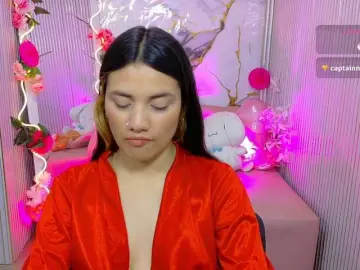 Bongacams Watch Live Sex Cams of Chiara-tay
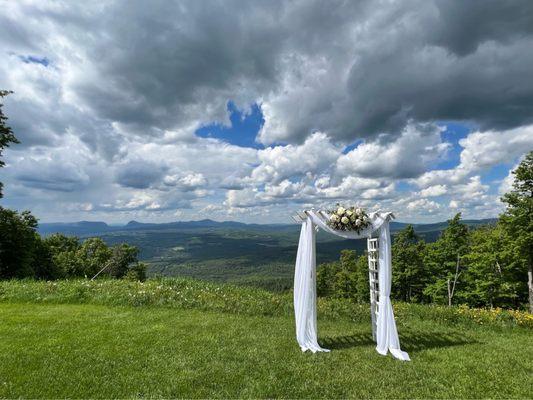 Wedding arch flowers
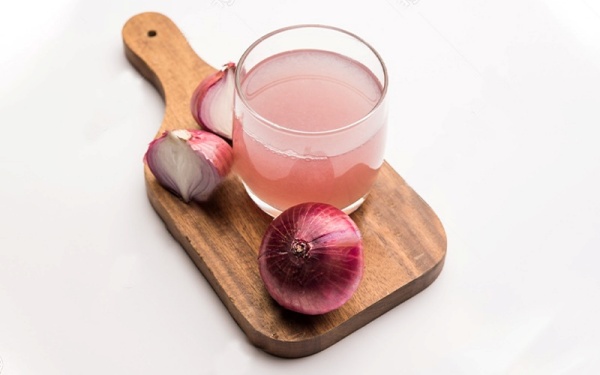 Nước ép hành tây tuy có phần khó uống nhưng giúp giảm cân cực hiệu quả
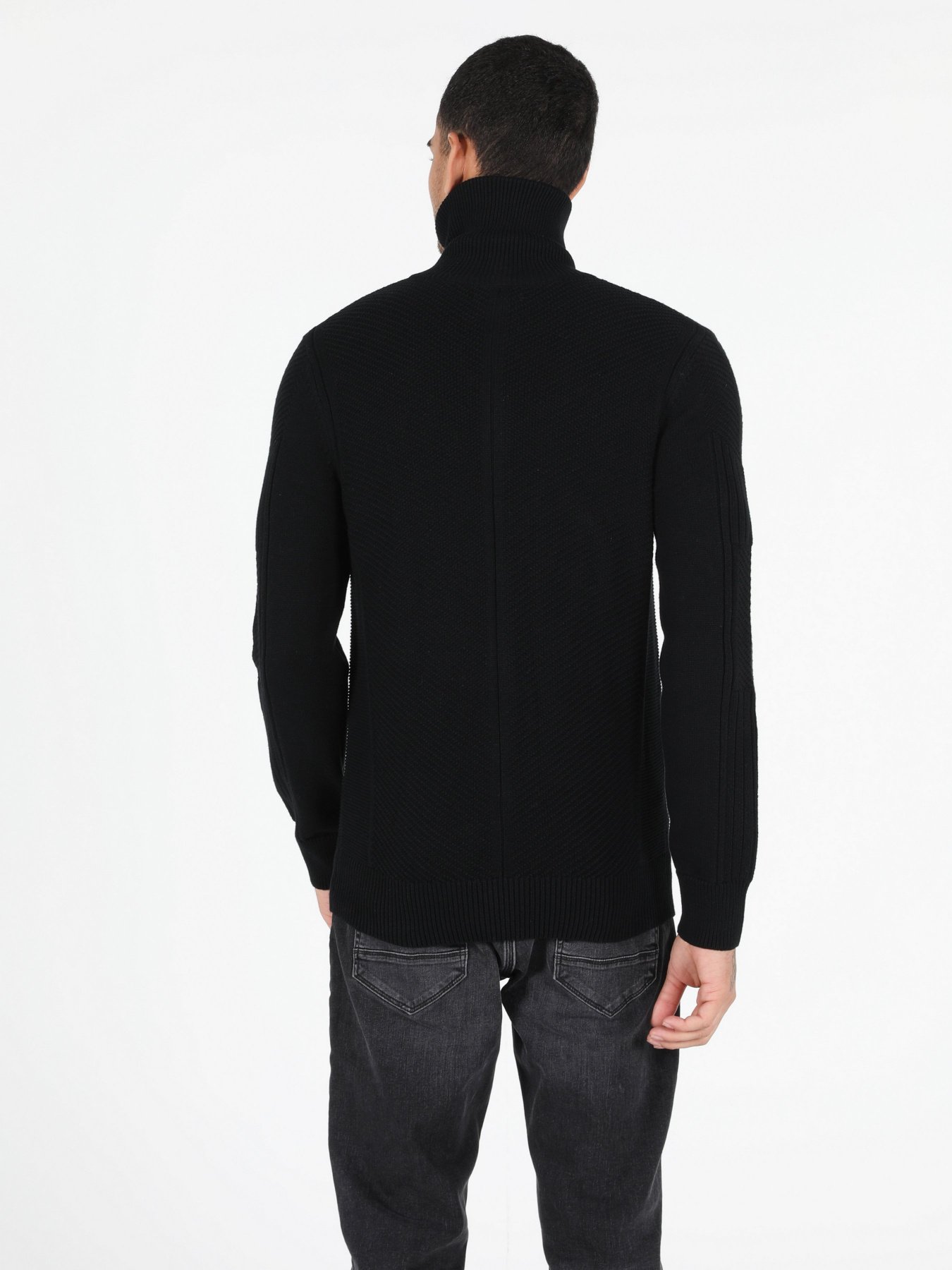 Светри та кардигани Colin’s модель CL1051630BLK Фото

==============================

* Work to complete *
The copy must start at the line containing "Wedding arch flowers" and stop at the last line of the listing, both included, with every line exact and no pictures.

* Written answer *
 Wedding arch flowers
 Nước ép hành tây tuy có phần khó uống nhưng giúp giảm cân cực hiệu quả
 Светри та кардигани Colin’s модель CL1051630BLK Фото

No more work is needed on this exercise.